Tron: Legacy is a 3D high-tech adventure set in a digital world that’s unlike anything ever captured on the big screen. Sam Flynn (Garrett Hedlund – Friday Night Lights, Four Brothers), the tech-savvy 27-year-old son of Kevin Flynn (Jeff Bridges – The Dude), looks into his father’s disappearance and finds himself pulled into the digital world of Tron where his father has been living for 25 years. Along with Kevin’s loyal confidant Quorra (Olivia Wilde – House), father and son embark on a life-and-death journey of escape across a visually-stunning cyber universe that has become far more advanced and exceedingly dangerous.
Greetings, Program! MTV News spoke to director Joseph Kosinski, about his work on the sequel to one of my faves, the Disney’s 1982 cult classic, Tron. The first film starred Jeff Bridges as Kevin Flynn, a software engineer who is digitized and imprisoned in a computer mainframe by an evil computer program and compelled, along with a number of other programs, to do battle with this evil program and its minions for control of the computer system.
It is so good that Tron: Legacy is a sequel and not just a reboot to that classic film. It is going to be in 3D, but not in the same way that Avatar was:
Our approach is not like “Avatar,” which I think is 3-D from the first shot to the last. Ours is sort of a “Wizard of Oz” approach. Ninety-eight percent of the 3-D is in the world of “Tron.” The 3-D really starts once we get into the Tron world.
It’s a combination of technologies that Zemeckis has been using in terms of the completely digital motion-capture of a character and for the live-action camera system.
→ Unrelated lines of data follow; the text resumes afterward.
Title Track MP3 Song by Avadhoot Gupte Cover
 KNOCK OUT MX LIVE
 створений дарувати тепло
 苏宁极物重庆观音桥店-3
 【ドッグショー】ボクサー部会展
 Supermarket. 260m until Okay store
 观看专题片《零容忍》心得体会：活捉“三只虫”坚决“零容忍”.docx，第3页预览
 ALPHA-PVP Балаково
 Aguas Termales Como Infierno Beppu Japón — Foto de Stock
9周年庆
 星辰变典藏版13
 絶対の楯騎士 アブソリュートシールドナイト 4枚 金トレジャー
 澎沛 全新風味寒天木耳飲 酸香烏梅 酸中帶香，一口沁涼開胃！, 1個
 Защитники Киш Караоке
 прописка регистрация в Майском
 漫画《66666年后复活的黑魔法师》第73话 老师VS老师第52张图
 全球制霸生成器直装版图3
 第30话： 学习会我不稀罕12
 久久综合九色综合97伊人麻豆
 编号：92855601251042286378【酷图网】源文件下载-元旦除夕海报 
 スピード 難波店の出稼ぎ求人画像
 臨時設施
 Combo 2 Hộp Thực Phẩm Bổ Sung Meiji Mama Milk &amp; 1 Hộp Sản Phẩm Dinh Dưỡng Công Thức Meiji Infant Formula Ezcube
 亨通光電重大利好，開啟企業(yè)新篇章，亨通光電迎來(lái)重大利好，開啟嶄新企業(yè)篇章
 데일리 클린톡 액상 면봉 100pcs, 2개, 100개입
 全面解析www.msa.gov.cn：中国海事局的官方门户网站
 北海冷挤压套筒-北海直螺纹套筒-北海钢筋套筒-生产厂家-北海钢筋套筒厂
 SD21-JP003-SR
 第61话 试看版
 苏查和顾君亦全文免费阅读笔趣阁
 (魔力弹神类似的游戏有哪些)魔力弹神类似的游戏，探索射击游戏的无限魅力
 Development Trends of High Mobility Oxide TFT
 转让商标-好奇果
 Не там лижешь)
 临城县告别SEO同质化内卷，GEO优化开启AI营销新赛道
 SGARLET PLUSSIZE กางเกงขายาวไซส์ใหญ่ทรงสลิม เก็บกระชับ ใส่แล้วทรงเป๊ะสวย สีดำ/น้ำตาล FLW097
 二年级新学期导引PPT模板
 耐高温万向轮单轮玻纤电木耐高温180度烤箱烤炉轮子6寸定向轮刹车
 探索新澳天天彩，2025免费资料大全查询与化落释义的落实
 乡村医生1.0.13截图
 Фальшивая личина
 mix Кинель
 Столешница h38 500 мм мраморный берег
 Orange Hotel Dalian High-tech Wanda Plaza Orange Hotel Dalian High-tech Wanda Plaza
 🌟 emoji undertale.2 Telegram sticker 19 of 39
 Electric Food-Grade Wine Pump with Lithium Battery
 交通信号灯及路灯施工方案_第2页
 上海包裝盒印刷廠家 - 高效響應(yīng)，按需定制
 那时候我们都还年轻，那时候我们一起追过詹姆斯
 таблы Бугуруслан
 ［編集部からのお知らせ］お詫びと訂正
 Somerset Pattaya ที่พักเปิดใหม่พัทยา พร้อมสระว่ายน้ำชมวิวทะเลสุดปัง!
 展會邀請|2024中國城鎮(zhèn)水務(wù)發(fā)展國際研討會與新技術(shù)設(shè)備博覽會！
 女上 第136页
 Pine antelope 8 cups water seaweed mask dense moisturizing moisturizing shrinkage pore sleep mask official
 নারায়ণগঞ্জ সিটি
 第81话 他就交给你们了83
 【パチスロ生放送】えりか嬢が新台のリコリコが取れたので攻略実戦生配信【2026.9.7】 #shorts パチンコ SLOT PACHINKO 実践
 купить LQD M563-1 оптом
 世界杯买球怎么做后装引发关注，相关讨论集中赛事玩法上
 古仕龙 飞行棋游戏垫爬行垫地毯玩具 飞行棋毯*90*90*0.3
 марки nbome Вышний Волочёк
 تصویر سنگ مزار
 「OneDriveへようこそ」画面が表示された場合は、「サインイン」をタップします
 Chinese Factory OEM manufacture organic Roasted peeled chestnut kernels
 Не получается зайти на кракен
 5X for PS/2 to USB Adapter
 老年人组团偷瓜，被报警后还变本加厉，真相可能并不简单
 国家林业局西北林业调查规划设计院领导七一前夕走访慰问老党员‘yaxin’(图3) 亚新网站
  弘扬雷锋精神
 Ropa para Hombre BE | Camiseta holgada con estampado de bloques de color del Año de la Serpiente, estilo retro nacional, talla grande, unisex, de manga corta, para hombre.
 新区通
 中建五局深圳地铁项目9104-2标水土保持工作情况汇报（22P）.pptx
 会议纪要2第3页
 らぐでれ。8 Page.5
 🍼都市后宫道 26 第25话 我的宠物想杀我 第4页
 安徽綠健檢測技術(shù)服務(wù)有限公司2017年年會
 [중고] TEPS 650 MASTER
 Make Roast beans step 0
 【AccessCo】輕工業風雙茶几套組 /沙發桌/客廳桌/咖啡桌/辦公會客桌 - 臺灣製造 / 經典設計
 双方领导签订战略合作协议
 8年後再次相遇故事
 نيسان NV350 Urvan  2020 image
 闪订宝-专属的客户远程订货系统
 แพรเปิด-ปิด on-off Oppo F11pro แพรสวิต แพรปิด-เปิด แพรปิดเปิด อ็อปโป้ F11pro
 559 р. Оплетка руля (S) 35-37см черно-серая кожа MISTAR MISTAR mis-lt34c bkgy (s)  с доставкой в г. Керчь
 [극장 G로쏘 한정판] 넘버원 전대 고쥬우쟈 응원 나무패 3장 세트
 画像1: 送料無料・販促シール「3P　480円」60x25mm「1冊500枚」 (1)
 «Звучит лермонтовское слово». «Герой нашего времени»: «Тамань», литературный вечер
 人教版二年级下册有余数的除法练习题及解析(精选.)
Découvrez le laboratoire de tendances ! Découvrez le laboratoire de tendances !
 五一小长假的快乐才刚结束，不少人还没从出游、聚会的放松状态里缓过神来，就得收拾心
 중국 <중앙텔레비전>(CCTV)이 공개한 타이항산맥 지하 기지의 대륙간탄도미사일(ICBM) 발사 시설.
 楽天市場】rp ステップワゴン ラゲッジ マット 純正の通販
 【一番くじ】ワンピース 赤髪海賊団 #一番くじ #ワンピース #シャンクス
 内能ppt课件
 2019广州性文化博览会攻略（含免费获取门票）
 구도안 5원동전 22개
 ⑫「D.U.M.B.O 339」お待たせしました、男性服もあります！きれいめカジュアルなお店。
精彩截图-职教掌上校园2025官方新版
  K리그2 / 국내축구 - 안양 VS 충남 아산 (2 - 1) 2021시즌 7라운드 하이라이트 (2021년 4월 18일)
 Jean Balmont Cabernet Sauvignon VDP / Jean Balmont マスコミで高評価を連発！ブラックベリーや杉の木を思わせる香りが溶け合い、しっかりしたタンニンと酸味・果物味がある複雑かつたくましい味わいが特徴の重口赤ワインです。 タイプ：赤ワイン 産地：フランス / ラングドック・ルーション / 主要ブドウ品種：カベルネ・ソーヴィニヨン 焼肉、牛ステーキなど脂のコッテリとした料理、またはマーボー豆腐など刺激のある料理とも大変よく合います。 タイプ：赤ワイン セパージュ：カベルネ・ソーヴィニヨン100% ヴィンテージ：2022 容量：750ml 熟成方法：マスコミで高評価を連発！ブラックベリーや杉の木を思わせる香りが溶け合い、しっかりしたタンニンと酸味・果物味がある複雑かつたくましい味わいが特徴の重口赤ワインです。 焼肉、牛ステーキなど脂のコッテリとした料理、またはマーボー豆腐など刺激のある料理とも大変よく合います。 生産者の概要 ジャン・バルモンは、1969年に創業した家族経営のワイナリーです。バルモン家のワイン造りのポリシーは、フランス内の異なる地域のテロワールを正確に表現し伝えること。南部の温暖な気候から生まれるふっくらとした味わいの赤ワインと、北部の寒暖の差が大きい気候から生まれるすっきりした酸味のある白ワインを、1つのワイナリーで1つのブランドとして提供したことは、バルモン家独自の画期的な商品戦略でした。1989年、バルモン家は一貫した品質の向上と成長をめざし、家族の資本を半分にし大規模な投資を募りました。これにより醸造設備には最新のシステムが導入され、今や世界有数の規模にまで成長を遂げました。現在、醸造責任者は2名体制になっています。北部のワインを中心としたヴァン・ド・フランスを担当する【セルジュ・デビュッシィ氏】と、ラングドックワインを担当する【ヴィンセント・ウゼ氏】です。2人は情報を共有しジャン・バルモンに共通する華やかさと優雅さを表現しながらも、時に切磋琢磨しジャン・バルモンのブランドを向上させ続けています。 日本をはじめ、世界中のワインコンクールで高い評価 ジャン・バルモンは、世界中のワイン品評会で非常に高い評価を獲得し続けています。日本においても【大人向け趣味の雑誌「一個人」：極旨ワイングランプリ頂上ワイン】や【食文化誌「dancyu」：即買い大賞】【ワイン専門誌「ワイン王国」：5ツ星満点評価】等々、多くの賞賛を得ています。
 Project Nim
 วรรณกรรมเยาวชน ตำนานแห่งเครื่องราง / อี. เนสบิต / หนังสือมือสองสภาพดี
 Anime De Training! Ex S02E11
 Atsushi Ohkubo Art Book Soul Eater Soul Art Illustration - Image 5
We used a camera developed by James Cameron’s company. We used a newer generation of camera than the one used on “Avatar.” They built it specifically for us.
I love the fact that they are using technology based on James Cameron’s stuff, but the next generation. That fits in with the whole premise of the sequel as well. The other big movie thing at the moment is IMAX. However, as this is a digital film then the usual IMAX cameras would not be suitable.
We did not shoot anything with an IMAX camera, because it uses film, and since we were shooting in 3-D, we used two digital cameras. That being said, we are doing an IMAX version. What I am considering doing now is finishing four or five sections of the film in a tall format – not letterbox – and in an IMAX theater, the black bars at the top and bottom of the frame will disappear and it will become a full-screen sequence, which should be really cool. I think IMAX will be the way to see this movie.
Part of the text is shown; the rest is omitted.